The room filled quickly as the time came close to 1pm, each person greeting others with a smile as they entered. The audience was mainly filled with faculty and friends of the poets, with a few students present. Kevin Bowan, who hosted the event, said a few quick words to start it off, “It is important for all of us to use poetry as a voice.” He also discussed a petition, signed by over 10,000 writers, being sent to the White House in an effort to stop the war on Iraq. He said, “We must raise our voices until we are heard.”

Bowan gave no introductions. He simply looked into the audience at the members when it was their turn to read. Lloyd Schwartz read two poems by Elizabeth Bishop. Loud and stern, he used his hands for emphasis. He reflected on the fact that it was Ash Wednesday, saying, “Times like this need prayer.”

Next to read was Fred. He read Walt Whitman’s “To A Certain Civilian” and a selection from the Book of Job. Both pieces were moving and read in an even tone. At the end he said, “The past is so quickly forgotten, and its lessons forgotten.”

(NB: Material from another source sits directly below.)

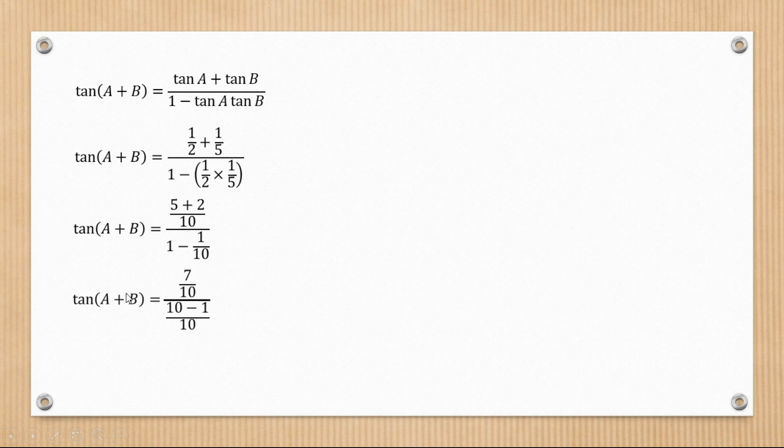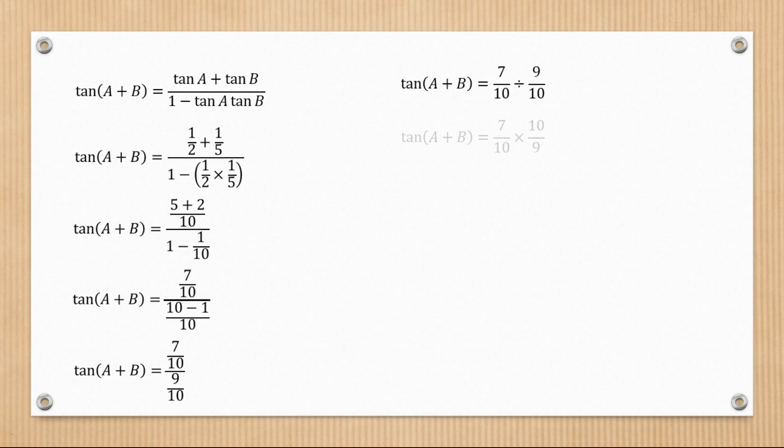The numerator simplifies to seven over ten. At the bottom, finding the LCM gives ten minus one over ten, which is nine over ten. So tan(a+b) equals seven over ten divided by nine over ten. Changing the division to multiplication gives seven over ten times ten over nine, which equals seven over nine. So tan(a+b) is equal to seven over nine.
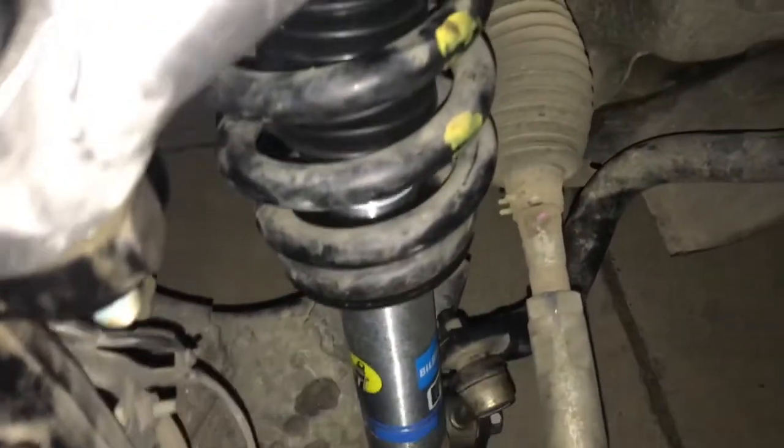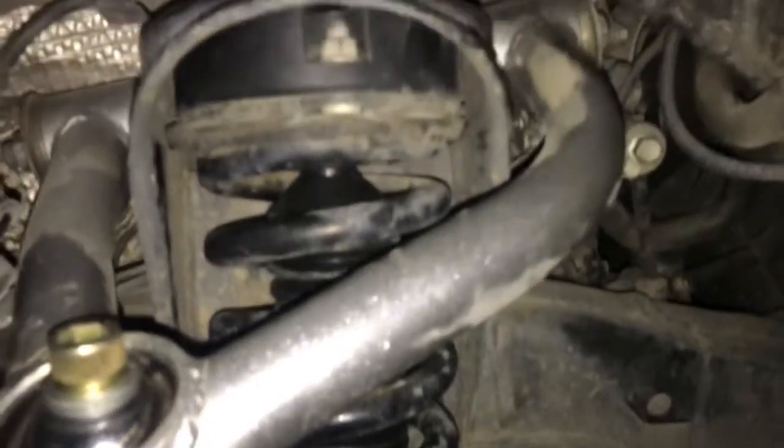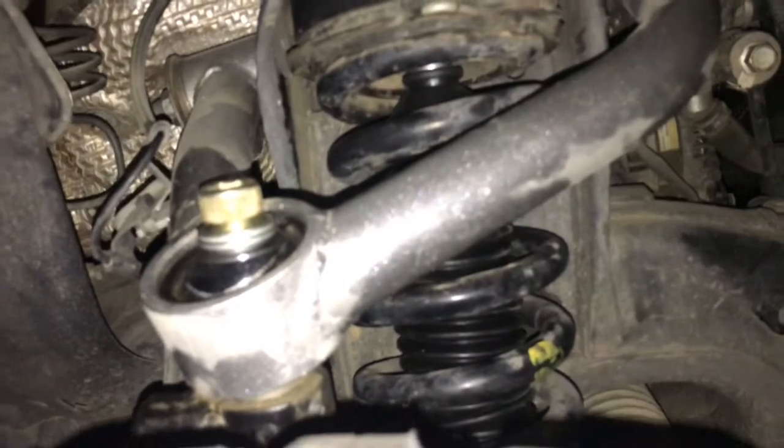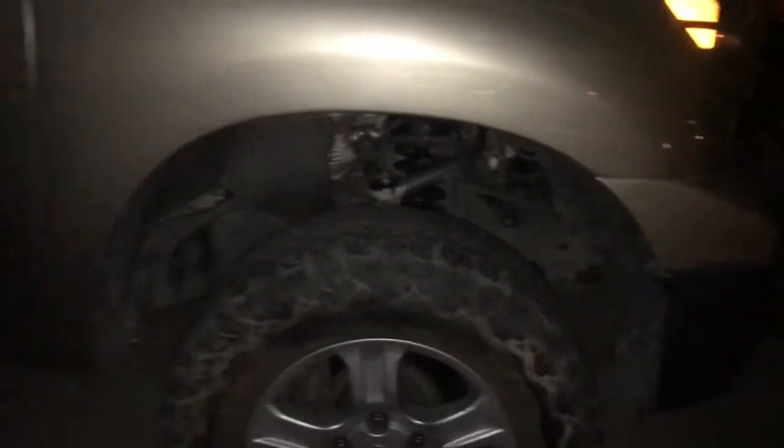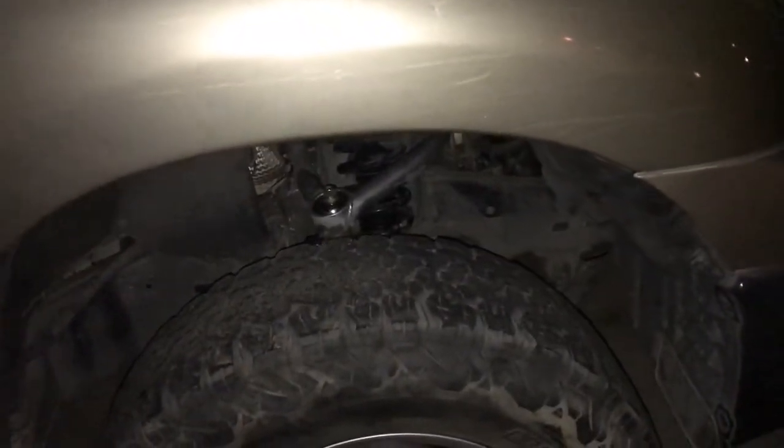I got the Bill Stein 5100s in there now — it's a protune with the uniball upper control arm. That made a big difference, big old difference. So there it is, I got the full Bill Stein setup all the way around. I didn't do the install because, I'm not gonna lie, it was a pain in the ass. Hopefully I'll have more stuff for you guys later.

Fran Murphy read three anonymous poems written by nurses who served in Vietnam. All three were moving and touching. A poem named “Civilians” was about a boy, sick in the hospital, who had woken up crying in the night. The nurse went and got the boy’s older brother to help him relax. The younger boy was quiet for a few minutes, enjoying his brother’s company, before becoming hysterical and crying violently. When asked what happened, the nurse said that the older brother had just told him that their parents were killed. It was a heart-wrenching poem and was read beautifully. Murphy explained that the whole book, Another Kind Of War Story, remains anonymous, in memory of the lives lost.

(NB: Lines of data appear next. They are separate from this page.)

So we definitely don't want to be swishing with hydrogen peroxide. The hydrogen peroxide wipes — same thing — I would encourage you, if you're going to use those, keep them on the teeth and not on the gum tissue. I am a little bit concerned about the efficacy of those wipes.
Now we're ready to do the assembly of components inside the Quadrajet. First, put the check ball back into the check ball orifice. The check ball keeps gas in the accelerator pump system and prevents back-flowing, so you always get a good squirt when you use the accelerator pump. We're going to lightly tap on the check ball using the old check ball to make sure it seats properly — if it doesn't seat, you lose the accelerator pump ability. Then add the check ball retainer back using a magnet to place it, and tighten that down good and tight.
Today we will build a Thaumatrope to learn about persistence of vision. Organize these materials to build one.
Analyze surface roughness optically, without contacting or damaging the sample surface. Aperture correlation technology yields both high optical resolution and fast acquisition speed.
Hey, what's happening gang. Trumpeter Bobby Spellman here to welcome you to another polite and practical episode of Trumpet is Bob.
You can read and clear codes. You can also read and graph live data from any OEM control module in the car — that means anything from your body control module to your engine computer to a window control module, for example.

One student, Maria Falls, read an original, “Liberty.” Falls expressed great sadness, and her poem was filled with gruesome details of mutilated bodies and death. It was well read and well written. The descriptions she gave of what happens to a solider were frightening and very real.

The highlight of the event was Professor Duncan Nelson. He read an original poem named, “Rhythm In Search of Meaning.” He was fantastic, energetic, and humorous. It was an attack on political figures, done in contemporary manner. He used everything from Nike to Rambo to illustrate his poem. One line read, “We need Rambo to body slam bad guys like Saddam Hussein.” After the event Nelson said, “We are so grateful to Kevin for having the initiative to host [Poets Against the War], so voices on all sides of life can be heard.”